MULTIMODAL MATCHING OF JOBS AND VET COURSES IN PORTUGAL: INTEGRATING SEMANTIC AND GEOSPATIAL ANALYSIS TO SUPPORT FUTURE SKILLS
1 NOVA Information Management School (NOVA IMS), Universidade Nova de Lisboa (PORTUGAL)
2 Nova School of Business and Economics (NOVA SBE), Universidade Nova de Lisboa (PORTUGAL)
About this paper:
Conference name: 20th International Technology, Education and Development Conference
Dates: 2-4 March, 2026
Location: Valencia, Spain
Abstract:
In recent years, researchers and policymakers have increasingly highlighted the persistent misalignment between higher-education supply and labor-market demand in Portugal. The OECD country note for Portugal (2022) reinforces this concern by showing that, despite relatively strong employment outcomes for graduates, employers still struggle to understand the skills that higher-education programmes develop, and national systems do not forecast emerging skill needs effectively. These findings strongly motivate our study. We conduct a multimodal analysis of programme–job alignment for tertiary-level vocational educational training (VET) in Portugal to reduce the gap between educational supply and labor-market demand. We integrate diverse data sources and analytical approaches—including semantic skill extraction, geospatial proximity and curricular clustering—to produce actionable insights for policymakers, curriculum designers and student-support systems.
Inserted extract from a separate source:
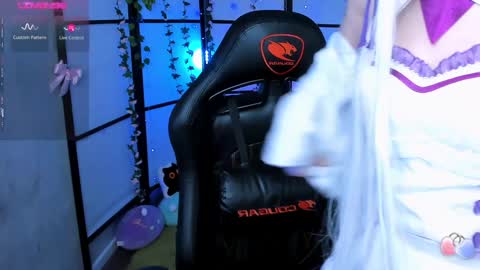 Snapshot of milkycute chatting on 02/08/25, 09:57 milky cute online show from 02/08/25, 09:57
We collect and integrate job listings from multiple online platforms and extract all VET course descriptions from Diário da República PDFs. After downloading and processing the documents, we use Gemini 2.5 Pro to summarize the main technical and non-technical skills taught in each course. We apply the same process to job postings, using Gemini 2.5 Pro to identify the most important skills required in each offer. This approach ensures a consistent skill representation across educational and employment datasets.
We compute semantic similarity scores for each course–job pair using Sentence-BERT embeddings and cosine similarity, quantifying the alignment between course skill clusters and job requirements. We also map all courses to their official CNAEF (National Classification of Education and Training Areas) codes, which allows us to identify the most demanded fields — i.e., those with the highest number of recommended jobs per area.
In the geospatial phase, we perform an exhaustive cross-matching between every VET course and every job posting. Using institutional geocodes (via geopy) and district centroids to approximate company locations, we rank each pair by proximity (≤ 30 km: High, 31–60 km: Medium, > 60 km: Low), generating over one million course–job matches. We further enrich this analysis by matching pairs located in similar districts, allowing for broader regional insights.
To capture emerging skills, we integrate data from ESCO, Skill2Vec, and the World Economic Forum’s Future of Jobs 2025 report. This enables us to flag VET courses that already include or align with skills projected to be in higher demand in the coming years.
We visualize these results through an interactive analytics dashboard that combines geospatial correspondence, district-level skill distributions, and CNAEF-based alignment graphs. These visual tools enable policymakers and educators to identify skill gaps, anticipate future needs, and align curricula with regional economic development priorities.
In future work, we plan to integrate a broader set of job offers, benchmark multiple embedding models and recommendation systems, and expand the platform’s features to include explainable recommendations and predictive labor-market insights.Keywords:
Multimodal Analysis, Semantic Skill Extraction, Skills Demand, Tertiary Education, Vocational Education and Training.